Your instructions: Where the records contain images, omit them, and repeat everything else word for word.

Records shown:

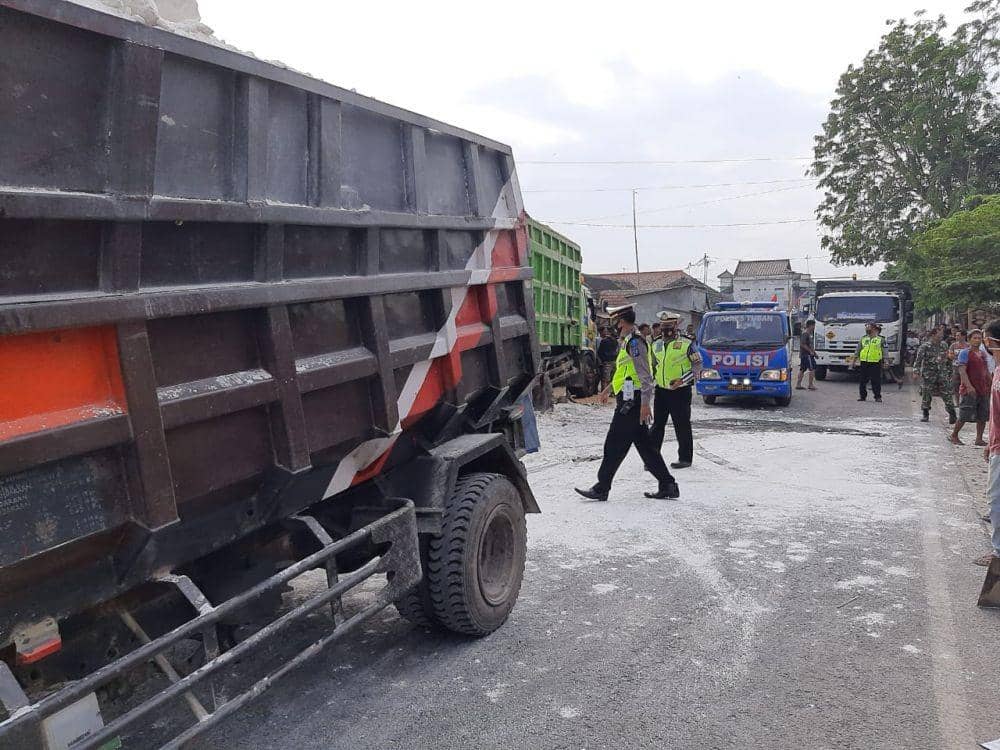 Polisi saat mengevakuasi truk yang terlibat kecelakaan. IDN Times/Imron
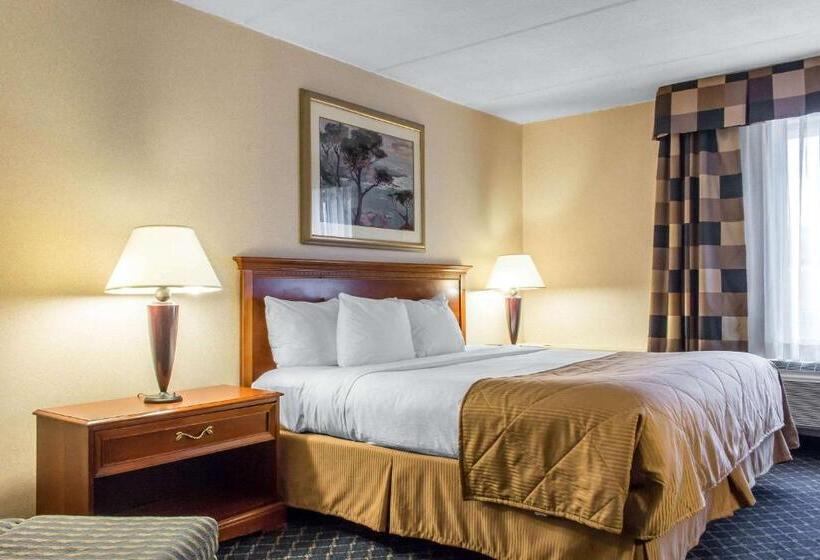 اتاق استاندارد برای معلولان, Clarion Hotel & Conference Center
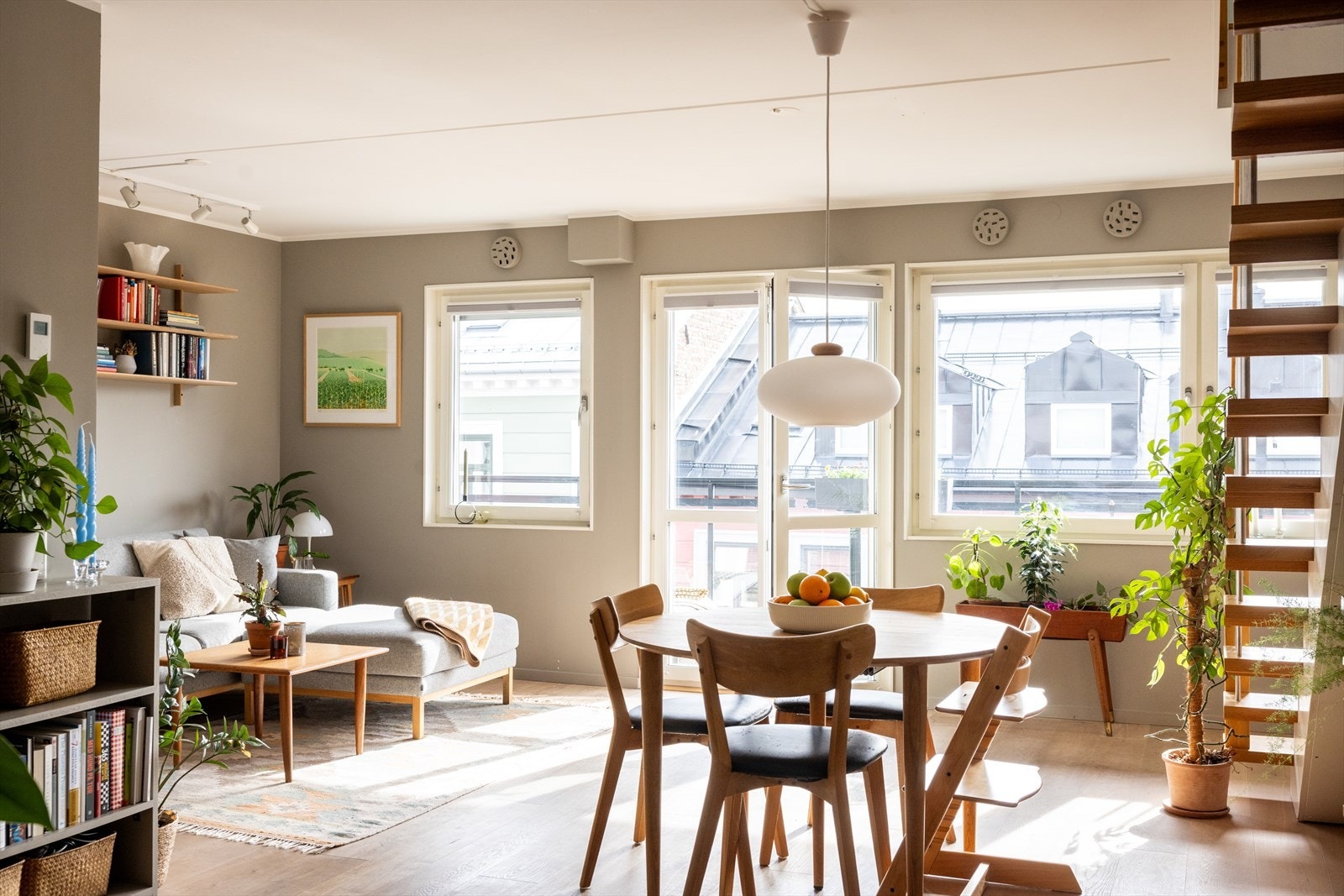 - Store vindusflater som gir rikelig med luft og lys - Galleribilde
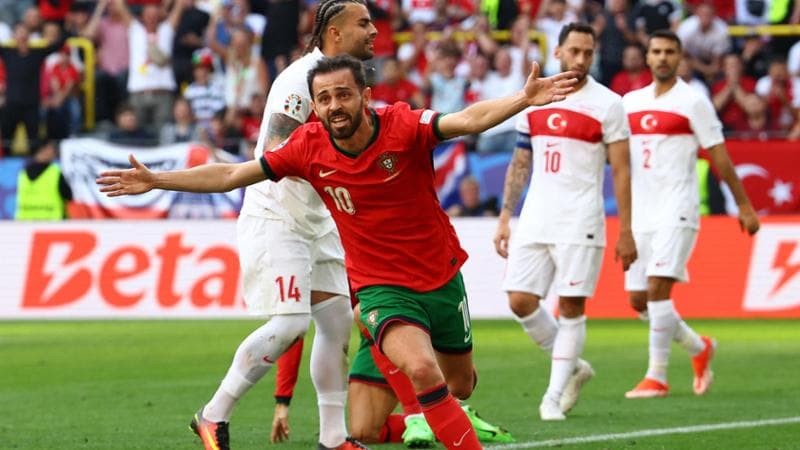 Bernardo Silva esulta dopo il gol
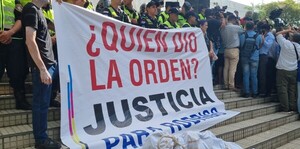 Denuncian a la Policía de impedir acto teatral sobre Rodrigo Quintana - 1000 Noticias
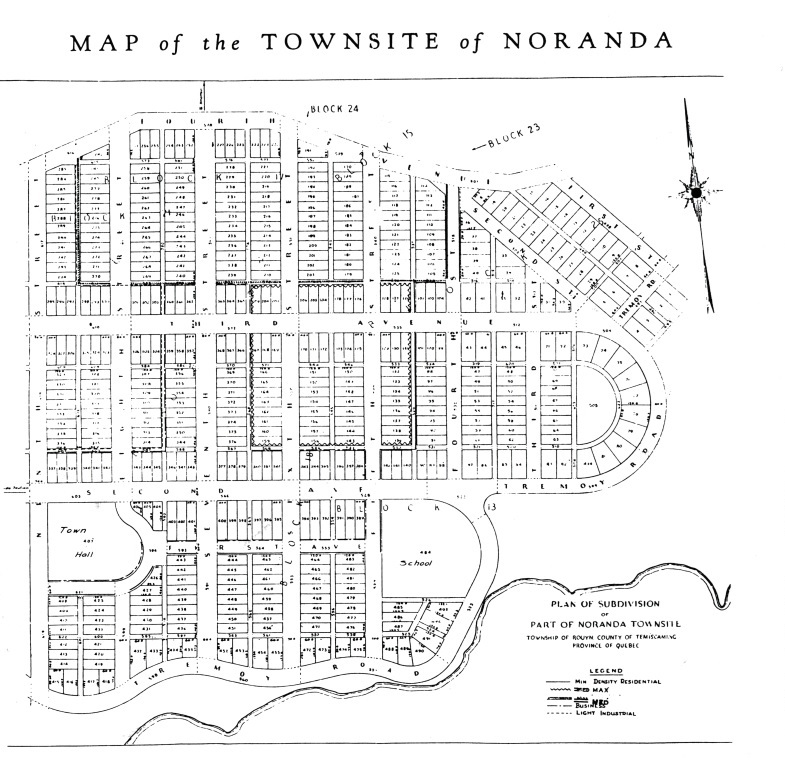 Carte en noir et blanc de la future ville de Noranda. Les rues et les lots sont en majorité rectilignes.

Reply:
 Polisi saat mengevakuasi truk yang terlibat kecelakaan. IDN Times/Imron
 اتاق استاندارد برای معلولان, Clarion Hotel & Conference Center
 - Store vindusflater som gir rikelig med luft og lys - Galleribilde
 Bernardo Silva esulta dopo il gol
 Denuncian a la Policía de impedir acto teatral sobre Rodrigo Quintana - 1000 Noticias
 Carte en noir et blanc de la future ville de Noranda. Les rues et les lots sont en majorité rectilignes.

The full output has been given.